## Exercise brief
Please copy, exactly as written, the span from the first line below to the line that contains "Now we just", including both, and skip the pictures.

## Data extracts

----------------

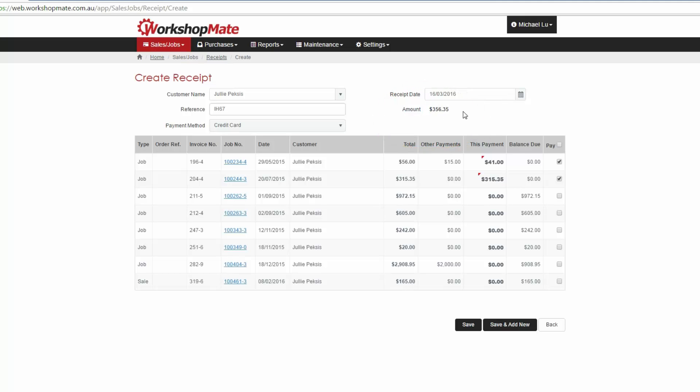Alternatively, you can click into the field titled This Payment and key in the amount being paid against each invoice manually.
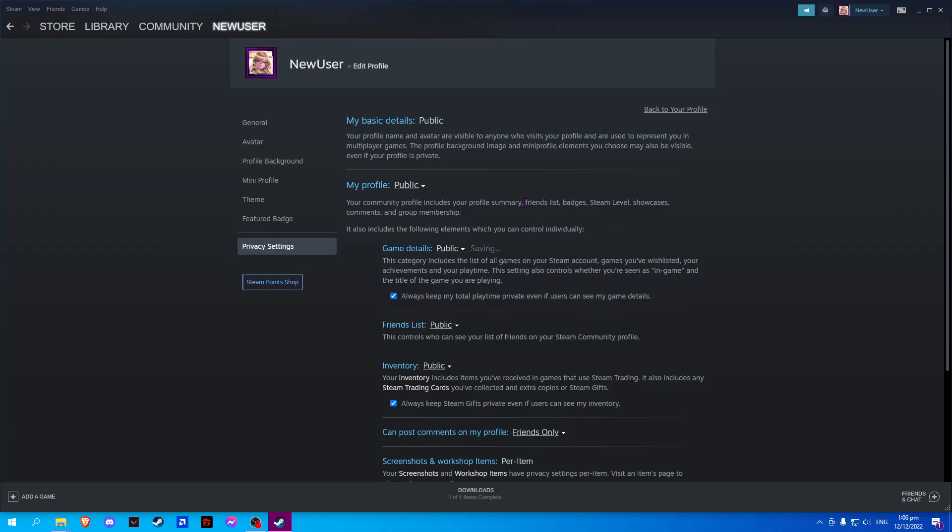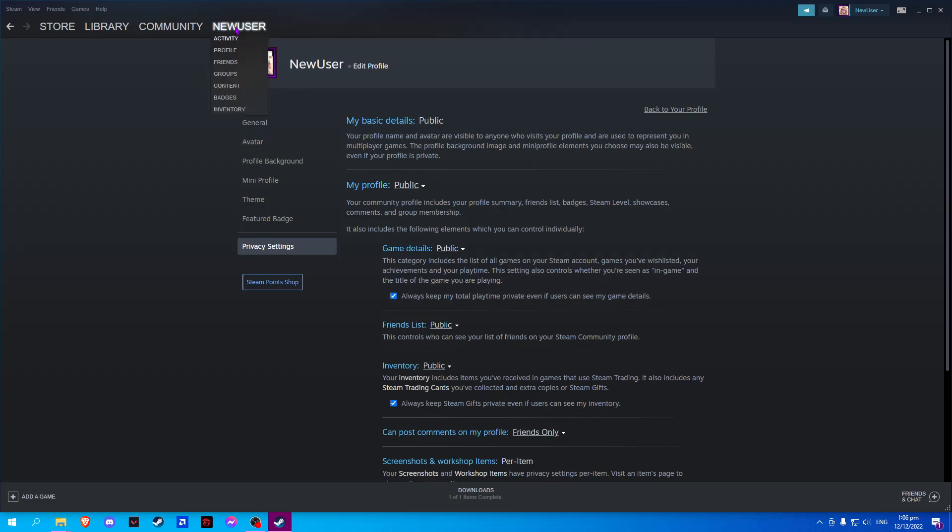Now we just have to wait for it to save. Once it has been saved, we may wait a few hours before it will reflect to our profile.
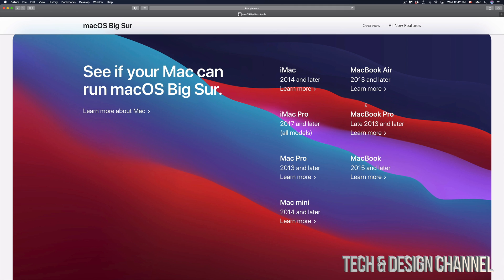MacBook Pro 2013 and later will also be compatible, and then you have MacBook 2015 and later. Moving on to Mac mini 2014 and later. Now there are specifics when it comes down to this.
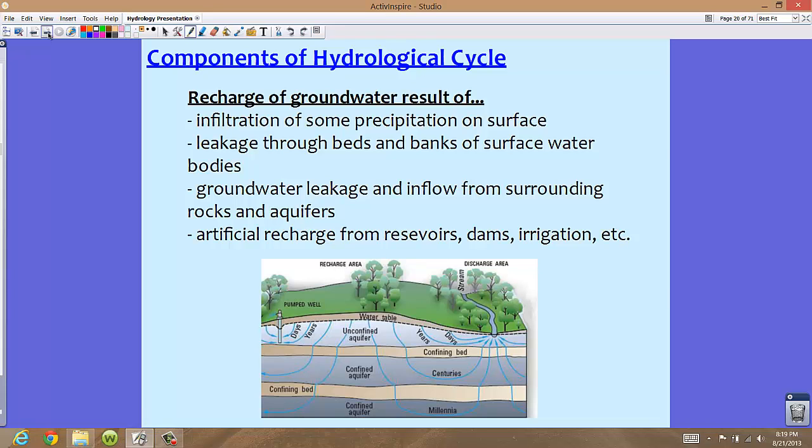One of the main reasons we create retention ponds around new construction is for recharge — they serve as an area of recharge.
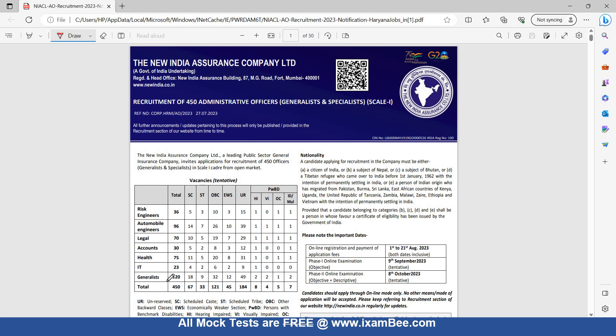There are a total of 450 vacancies for Generalist, 120 for IT, 23 for Health, 75 for Accounts, 30 for Legal, 70 Automobile Engineers, 96 Risk Engineers, and 36 others.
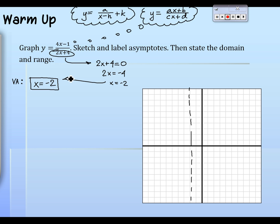To find the vertical asymptote, you try to get the bottom to be zero — you figure out what makes the denominator zero, which you can just look at or solve. X = −2 is the vertical asymptote, that's what VA stands for. We haven't done the horizontal asymptote yet.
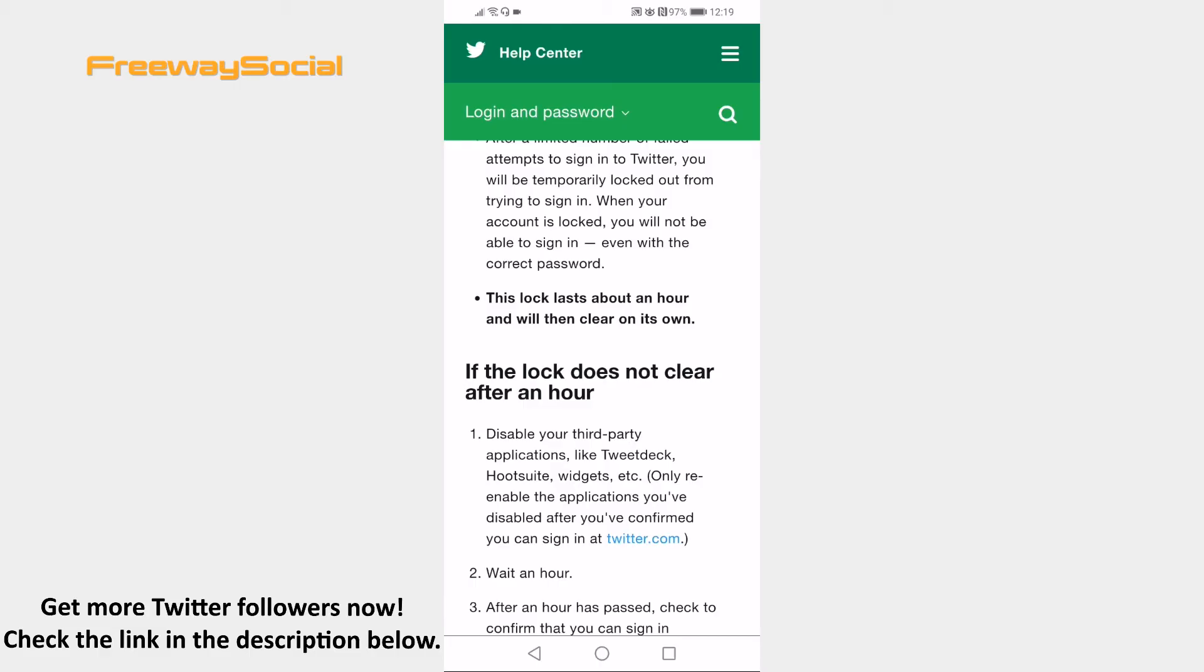If this error is still not cleared after an hour, then just contact Twitter support and they will be able to help you.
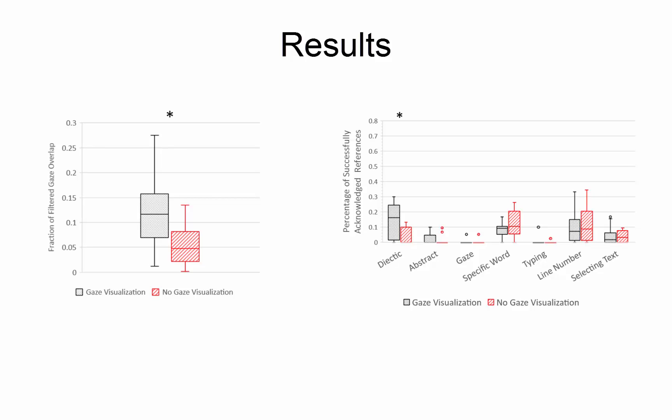Pairs were also faster and more successful at acknowledging references with the gaze visualization. Additionally, we see that changing the bar color to green enabled pairs to understand when they were looking at the same thing as their partner at the same time.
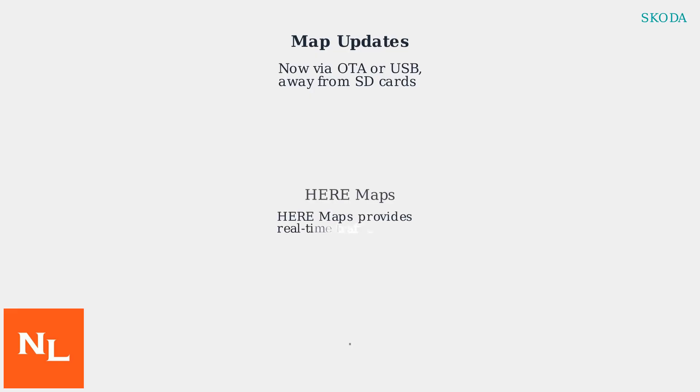OTA map updates deliver real-time traffic information and new points of interest through HereMaps, SCODA's mapping partner.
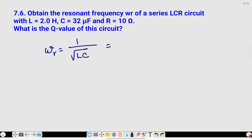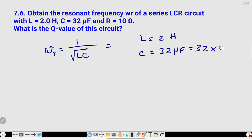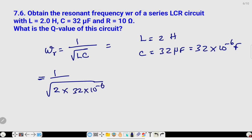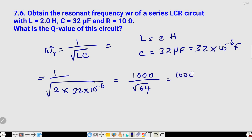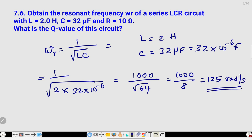Here I have written the problem. It is a very simple problem. They are asking resonance frequency and it is an LCR circuit. The value of inductance is given L = 2 Henry and capacitance is 32 microfarad, that is 32 × 10⁻⁶ farad. We just have to substitute the formula: ω₀ = 1/√(LC). So 1/√(2 × 32 × 10⁻⁶) gives 1000/√64 = 1000/8 = 125 radian per second. So 125 rad/s is the resonance frequency.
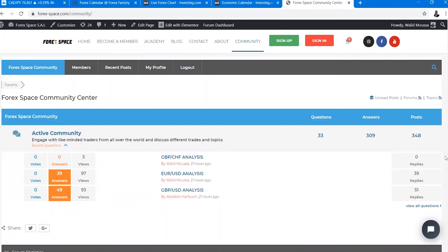Hi guys, welcome to another video of the weekly trading idea. This is Walid speaking, and in today's video we will analyze AUD/USD using technical and fundamental analysis.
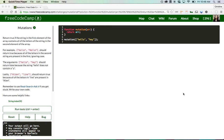Hey everyone, my name is Christine Javier and today I'm going to work on FreeCodeCamp's mutations algorithm. The directions are to return true if the string in the first element of the array contains all of the letters of the string in the second element of the array.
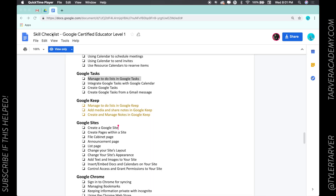What is up ladies and gentlemen, this is Tyler with Tarver Academy and I'm here to help you learn something so you can impact others. If you could hit the red subscribe button around the video I would super appreciate it. Let's get started — today we're talking about Google Tasks and managing to-do lists in Google Tasks.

----------------

## Exercise output
Alternatively, you can click into the field titled This Payment and key in the amount being paid against each invoice manually.
Now we just have to wait for it to save. Once it has been saved, we may wait a few hours before it will reflect to our profile.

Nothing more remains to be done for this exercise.